The DatasetFactory makes it easier to create complex datasets.

It is based on the the factory design pattern and allows a user to specify specific handlers (i.e. Converter objects) for different file types. These converters are used to convert commonly used file types in drug discovery to something that can be used within Polaris while losing as little information as possible.

In addition, it contains utility method to incrementally build out a dataset from different sources.

Try quickly converting one of your datasets

The DatasetFactory is designed to give you full control. If your dataset is saved in a single file and you don't need anything fancy, you can try use create_dataset_from_file instead.

from polaris.dataset import create_dataset_from_file
dataset = create_dataset_from_file("path/to/my_dataset.sdf")
How to make adding meta-data easier?

The DatasetFactory is designed to more easily pull together data from different sources. However, adding meta-data remains a laborous process. How could we make this simpler through the Python API?

zarr_root_path property

zarr_root_path: Group

The root of the zarr archive for the Dataset that is being built. All data for a single dataset is expected to be stored in the same Zarr archive.

register_converter(ext: str, converter: Converter)

Registers a new converter for a specific file type.


Name Type Description Default
ext str

The file extension for which the converter should be used. There can only be a single converter per file extension.

converter Converter

The handler for the file type. This should convert the file to a Polaris-compatible format.



add_column(column: pd.Series, annotation: Optional[ColumnAnnotation] = None, adapters: Optional[Adapter] = None)

Add a single column to the DataFrame

We require:

  1. The name attribute of the column to be set.
  2. The name attribute of the column to be unique.
  3. If the column is a pointer column, the zarr_root_path needs to be set.
  4. The length of the column to match the length of the alredy constructed table.


Name Type Description Default
column Series

The column to add to the dataset.

annotation Optional[ColumnAnnotation]

The annotation for the column. If None, a default annotation will be used.



add_columns(df: pd.DataFrame, annotations: Optional[Dict[str, ColumnAnnotation]] = None, adapters: Optional[Dict[str, Adapter]] = None, merge_on: Optional[str] = None)

Add multiple columns to the dataset based on another dataframe.

To have more control over how the two dataframes are combined, you can specify a column to merge on. This will always do an outer join.
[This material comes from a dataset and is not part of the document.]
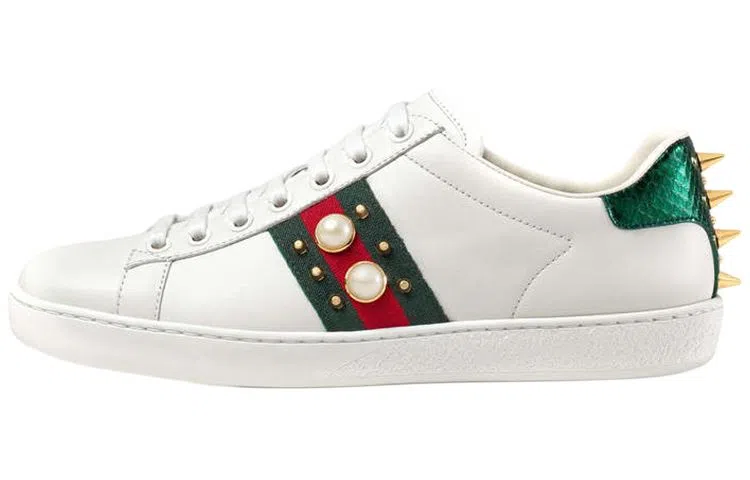 Gucci Ace White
If not specifying a key to merge on, the columns will simply be added to the dataset that has been built so far without any reordering. They are therefore expected to meet all the same expectations as for add_column.


Name Type Description Default
df DataFrame

A Pandas DataFrame with the columns that we want to add to the dataset.
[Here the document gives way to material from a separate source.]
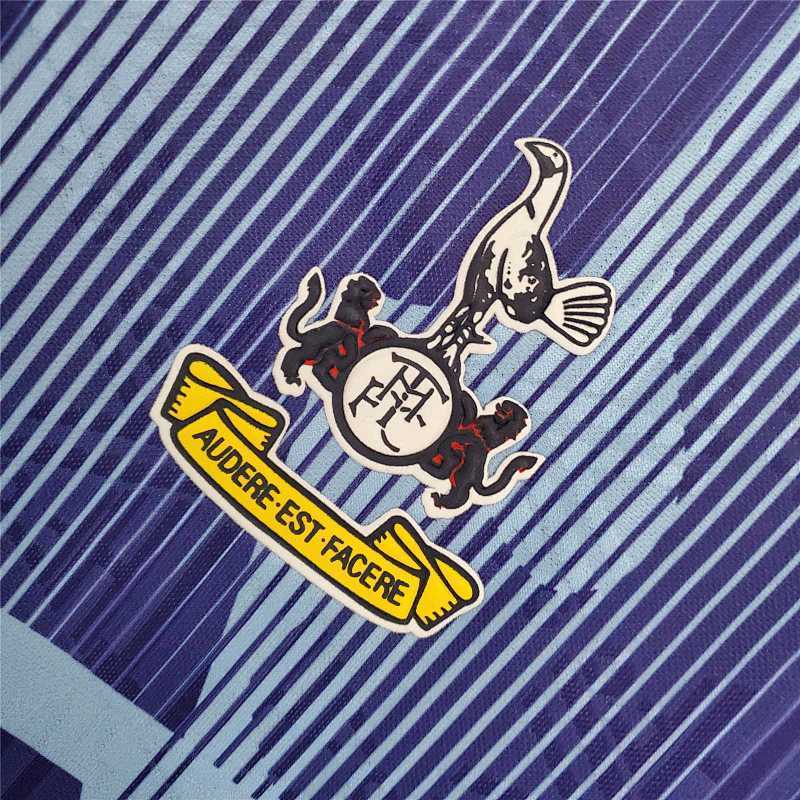 Maillot Tottenham Extérieur Rétro 25/26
annotations Optional[Dict[str, ColumnAnnotation]]

The annotations for the columns. If None, default annotations will be used.

merge_on Optional[str]

The column to merge on, if any.



add_from_file(path: str)

Uses the registered converters to parse the data from a specific file and add it to the dataset. If no converter is found for the file extension, it raises an error.


Name Type Description Default
path str

The path to the file that should be parsed.
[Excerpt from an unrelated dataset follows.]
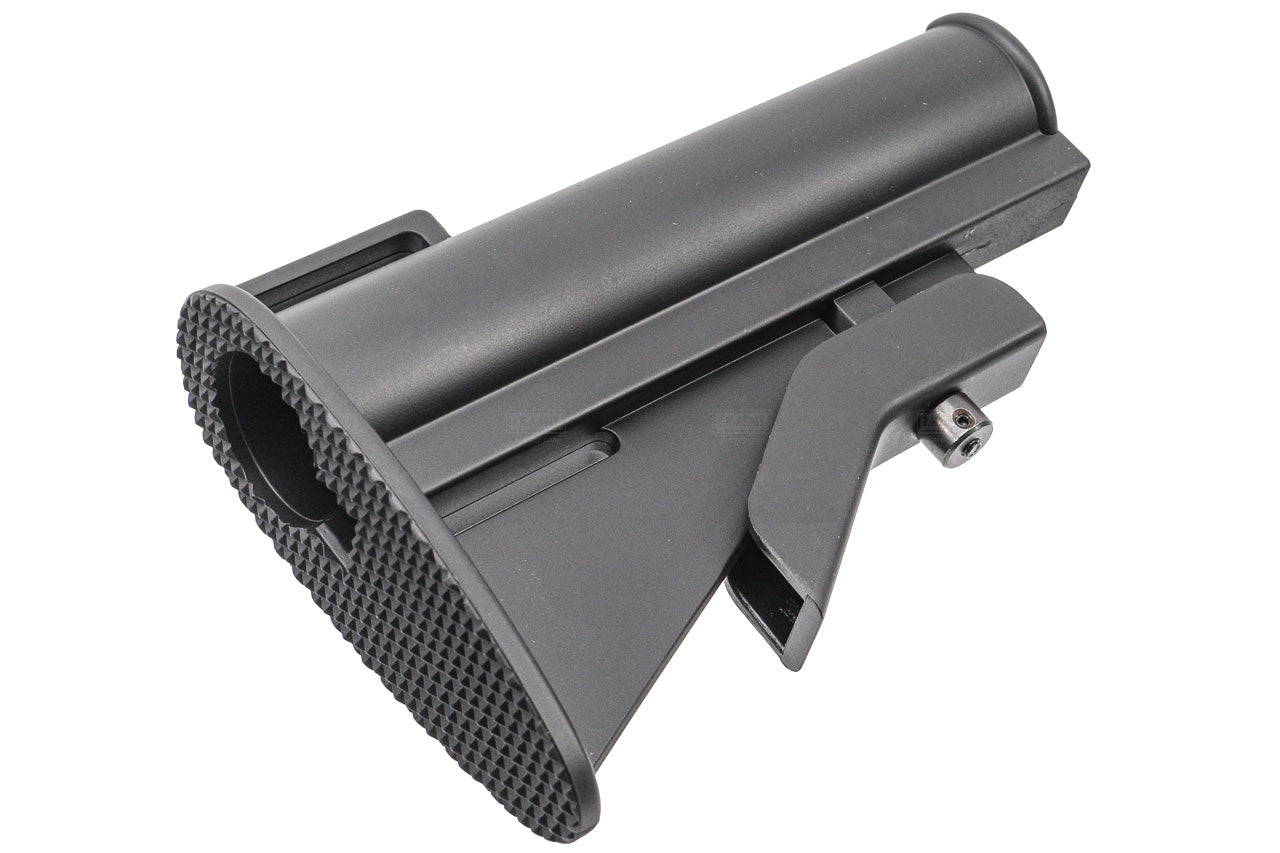 Mad Dog Classic Car15 Style Butt Stock & Pad Set ( Black )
add_from_files(paths: List[str], axis: Literal[0, 1, 'index', 'columns'])

Uses the registered converters to parse the data from a specific files and add them to the dataset. If no converter is found for the file extension, it raises an error.


Name Type Description Default
paths List[str]

The list of paths that should be parsed.

axis Literal[0, 1, 'index', 'columns']

Axis along which the files should be added. - 0 or 'index': append the rows with files. Files must be of the same type. - 1 or 'columns': append the columns with files. Files can be of the different types.



build() -> DatasetV1

Returns a Dataset based on the current state of the factory.


reset(zarr_root_path: Optional[str] = None)

Resets the factory to its initial state to start building the next dataset from scratch. Note that this will not reset the registered converters.


Name Type Description Default
zarr_root_path Optional[str]

The root path of the zarr hierarchy. If you want to use pointer columns for your next dataset, this arguments needs to be passed.



create_dataset_from_file(path: str, zarr_root_path: Optional[str] = None) -> DatasetV1

This function is a convenience function to create a dataset from a file.

It sets up the dataset factory with sensible defaults for the converters. For creating more complicated datasets, please use the DatasetFactory directly.


create_dataset_from_files(paths: List[str], zarr_root_path: Optional[str] = None, axis: Literal[0, 1, 'index', 'columns'] = 0) -> DatasetV1

This function is a convenience function to create a dataset from multiple files.

It sets up the dataset factory with sensible defaults for the converters. For creating more complicated datasets, please use the DatasetFactory directly.


Name Type Description Default
axis Literal[0, 1, 'index', 'columns']

Axis along which the files should be added. - 0 or 'index': append the rows with files. Files must be of the same type. - 1 or 'columns': append the columns with files. Files can be of the different types.